***** Records for processing
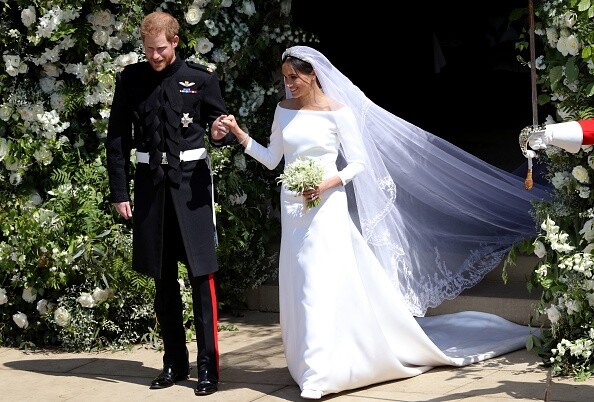 在哈里王子和梅根王妃的婚禮上，梅根便穿了由 Givenchy 設計的婚紗出嫁。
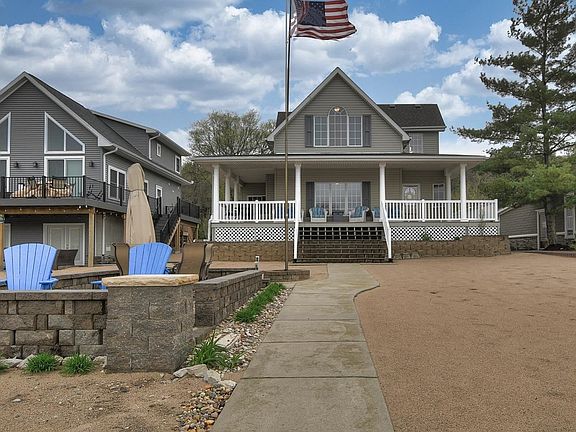 4th image of 32108 W Lake Park Dr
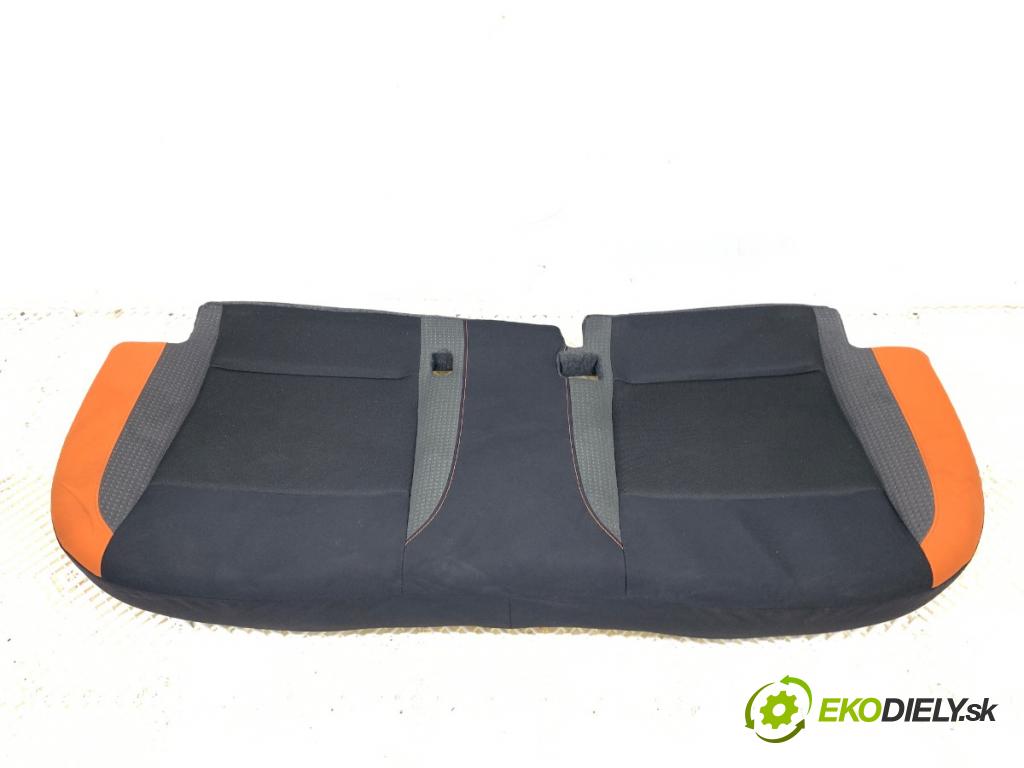 NISSAN MICRA K14 liftback 2017 66 kW 0.9 IG-T 898 Sedadlo druhý rad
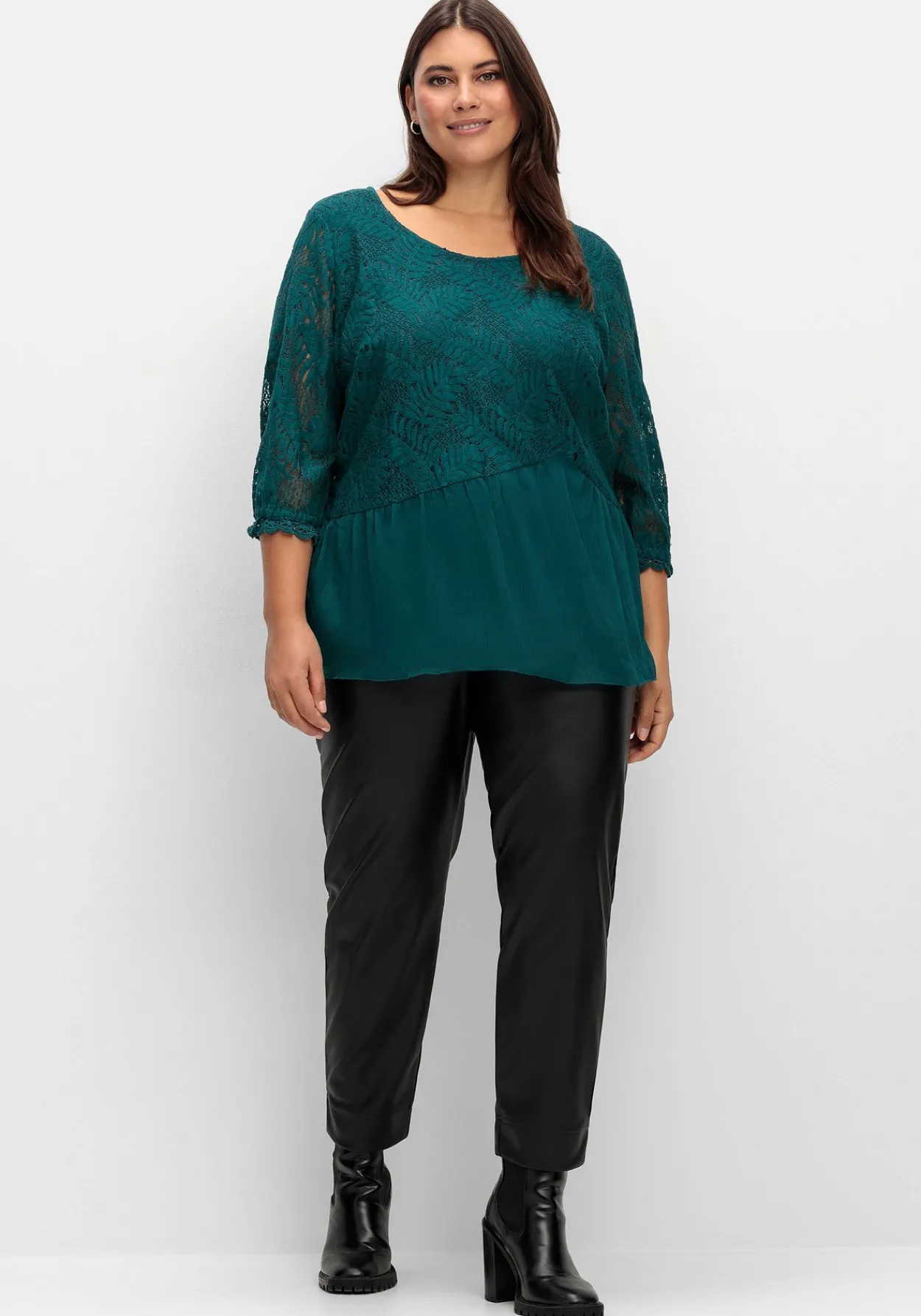 Tunika mit Spitzenoberteil und Chiffonsaum<sheego x Fair Lady Fashion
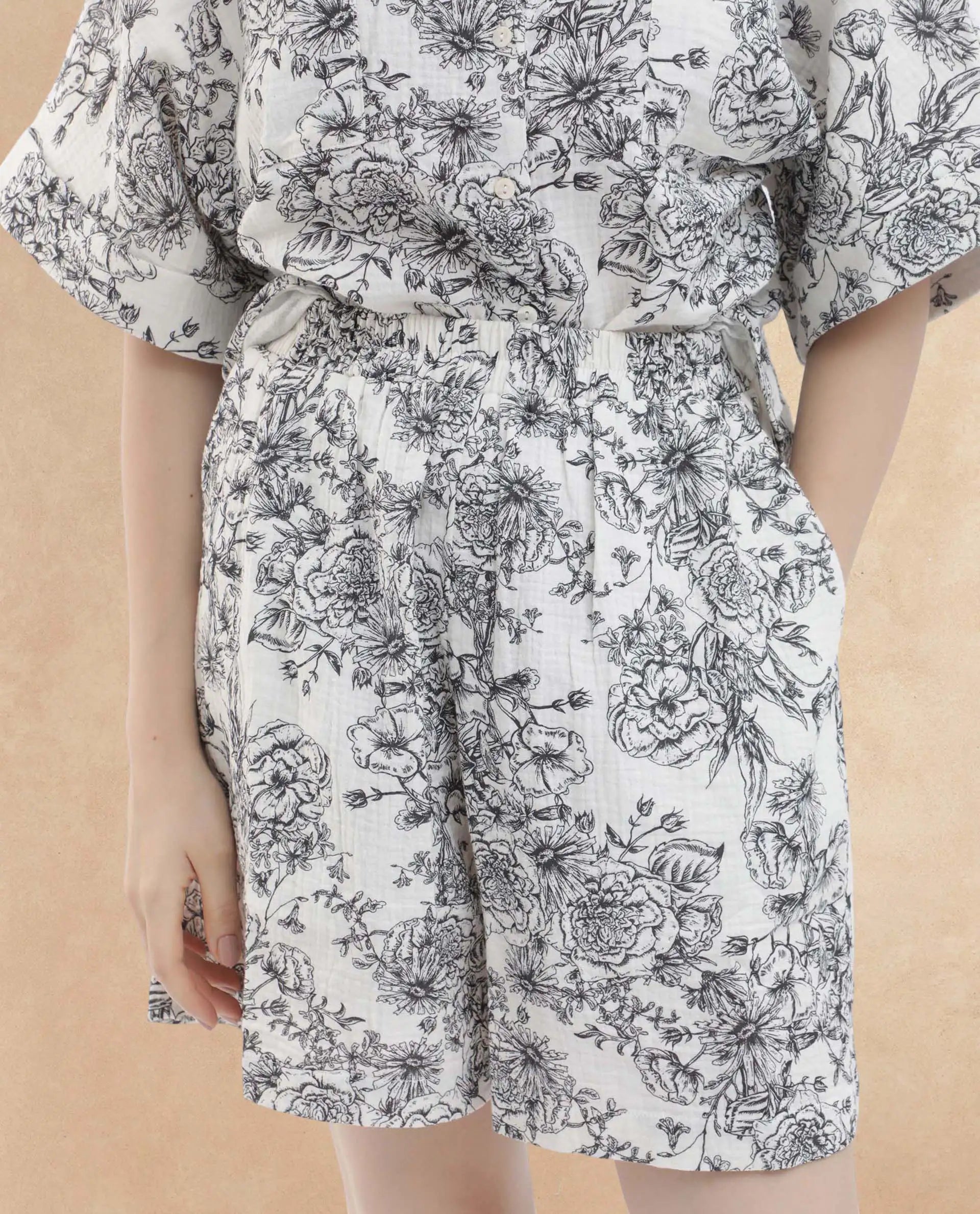 Rareism Women Lorainet Off White Cotton Fabric Floral Print Regular Fit Shorts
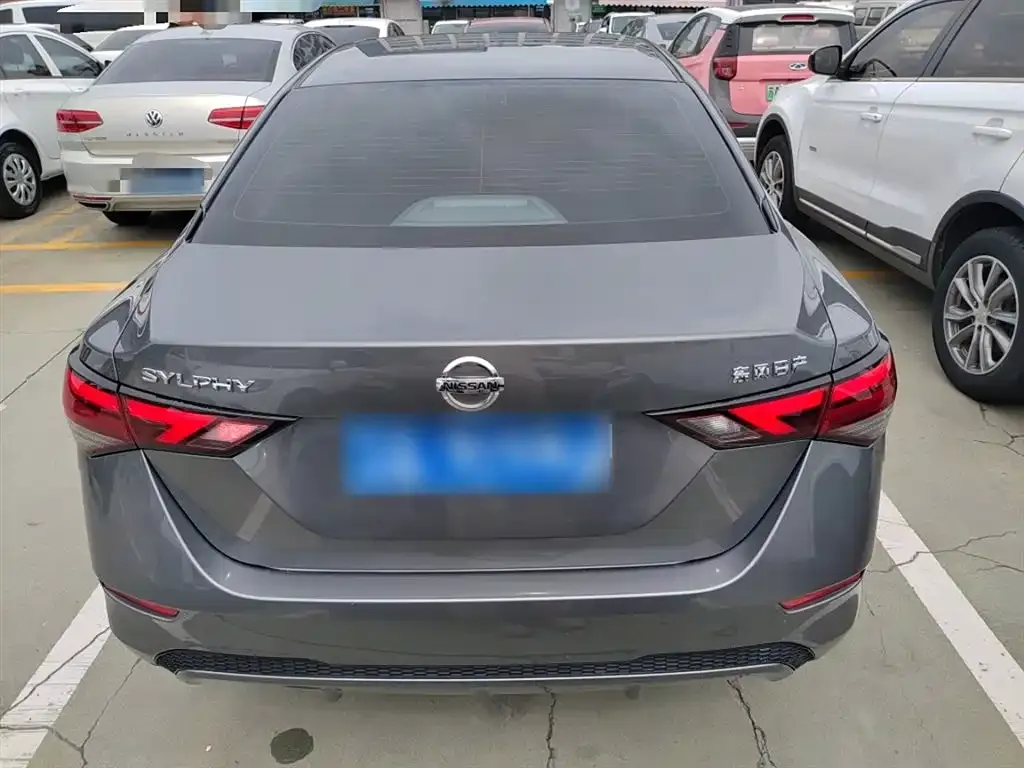 Nissan Sylphy 2022 из CN, фото 6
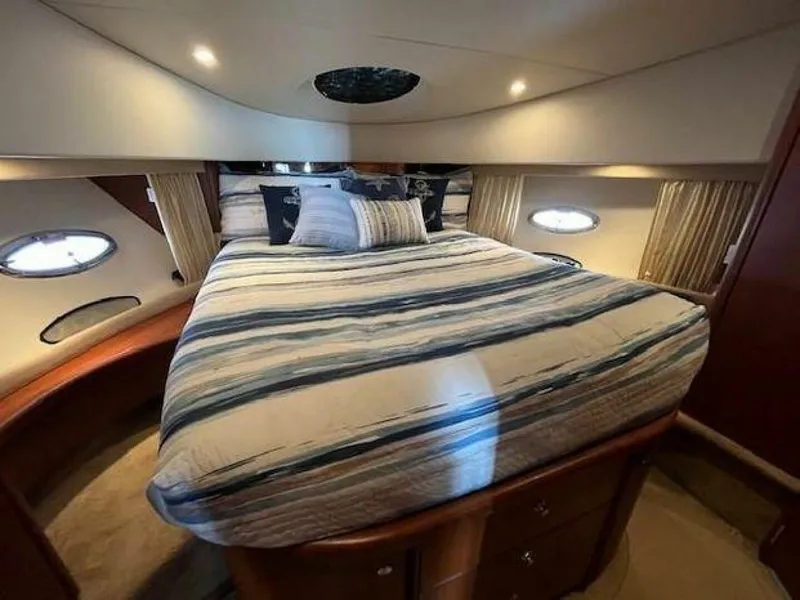 Slide: The Image of Silverton 43 Sport Bridge 2005 - 4960688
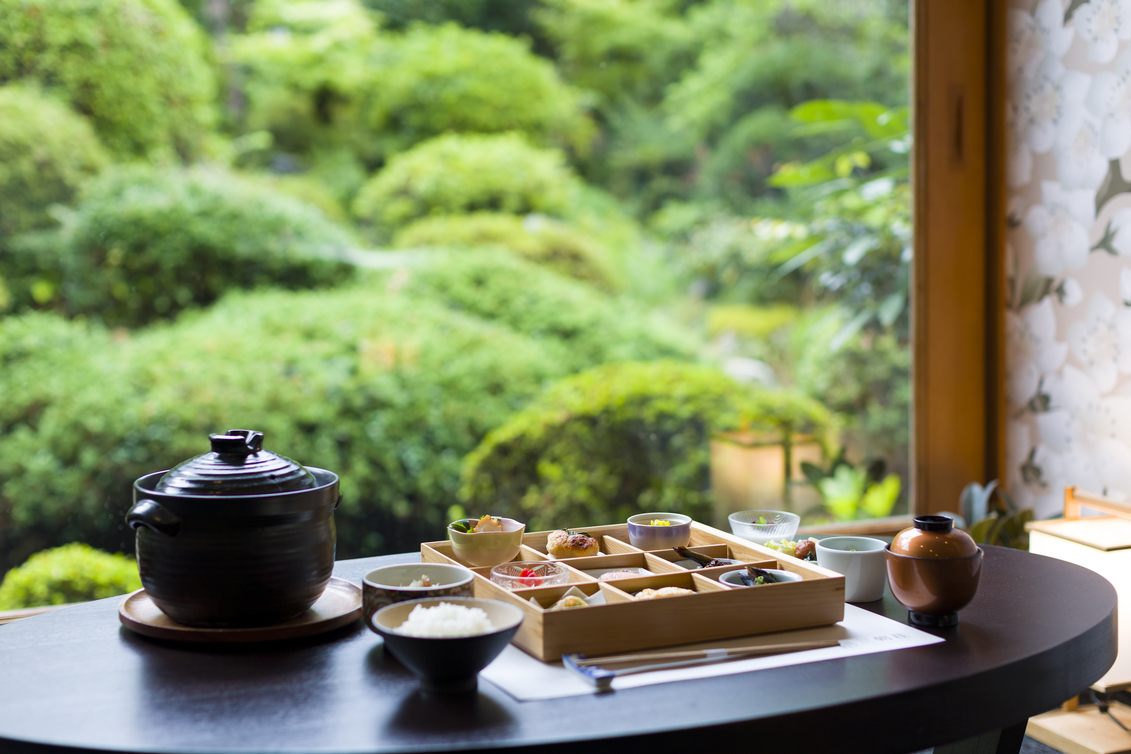 庭園を眺める個室でいただく健康的な朝食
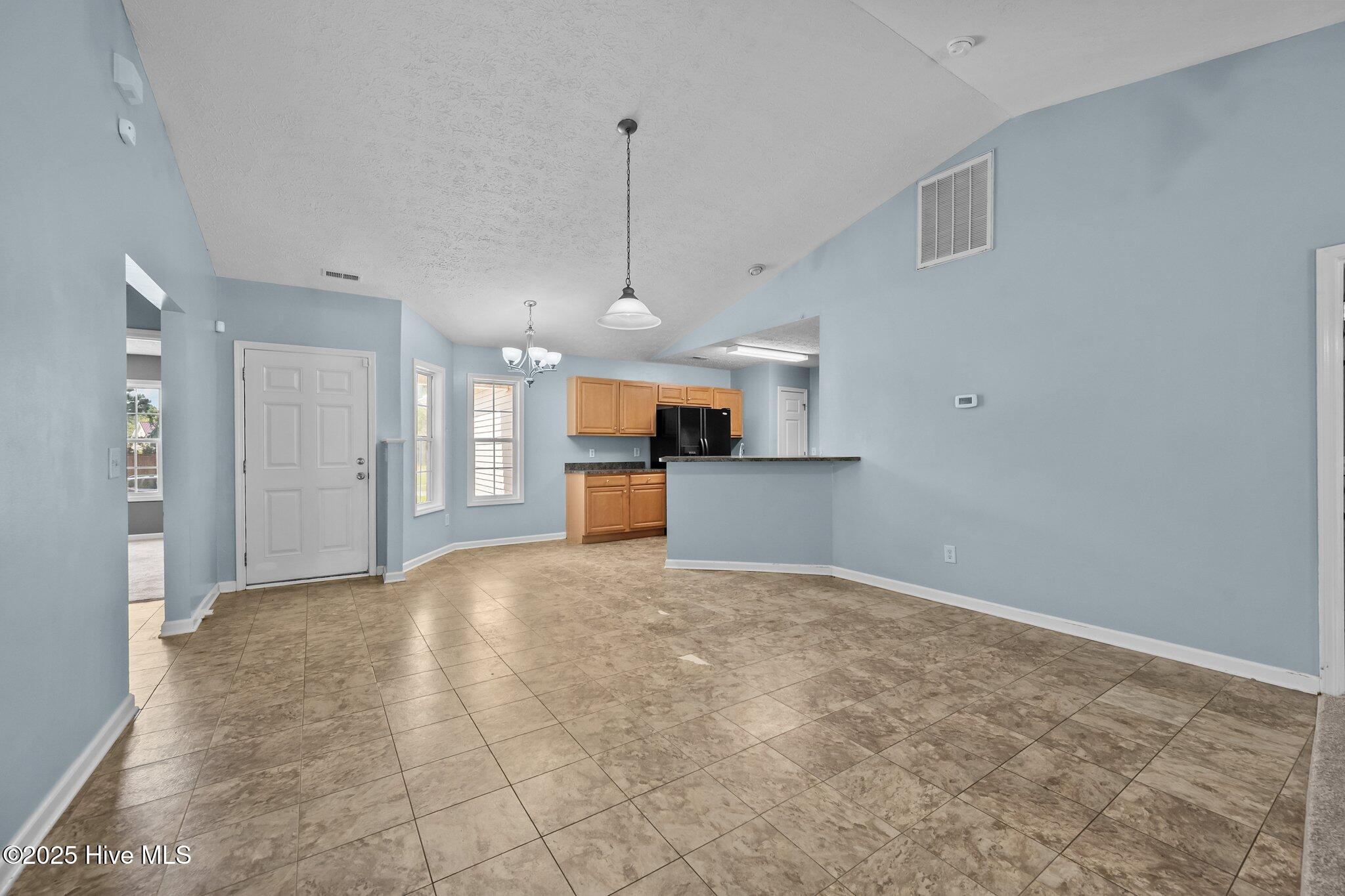 207 Jasmine Lane Jacksonville, NC 28546 - Photo 2 of 26 3-web-or-mls-_Z724755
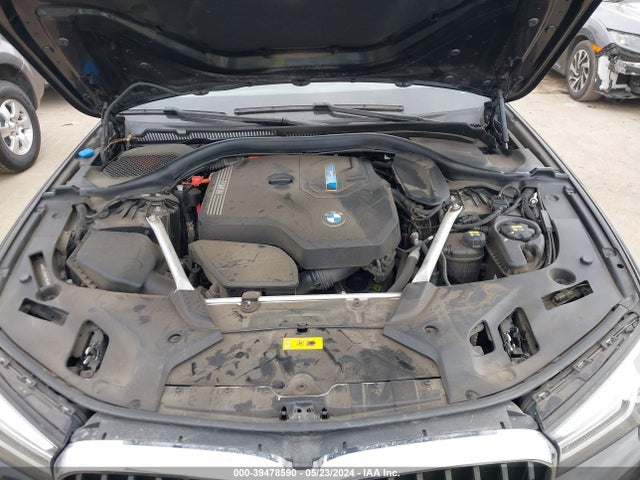 WBA13AG08NCJ19540 BMW 530e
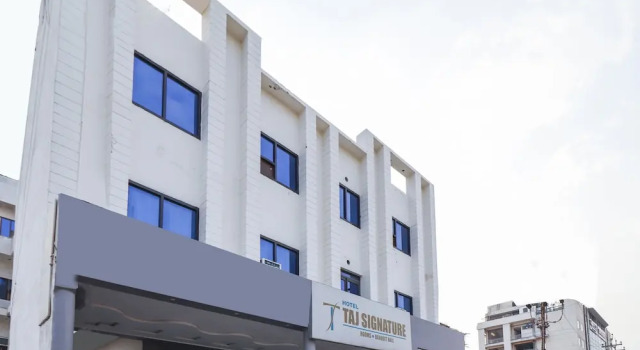 OYO 10876 Hotel Taj signature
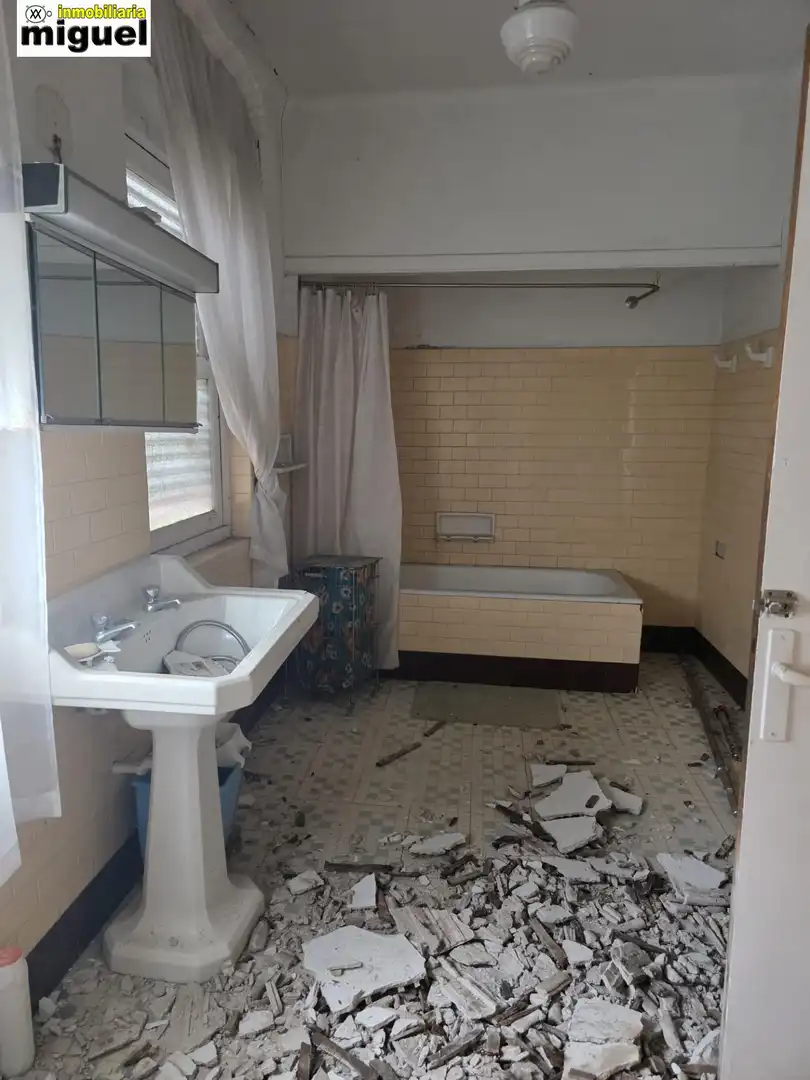 Baño de Finca rústica en venta en Peñamellera Baja con Jardín privado y Terraza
**********
Set the pictures aside and restate word for word only the lines from the line containing "庭園を眺める個室でいただく健康的な朝食" through the end of the entries above, both included.

 庭園を眺める個室でいただく健康的な朝食
 207 Jasmine Lane Jacksonville, NC 28546 - Photo 2 of 26 3-web-or-mls-_Z724755
 WBA13AG08NCJ19540 BMW 530e
 OYO 10876 Hotel Taj signature
 Baño de Finca rústica en venta en Peñamellera Baja con Jardín privado y Terraza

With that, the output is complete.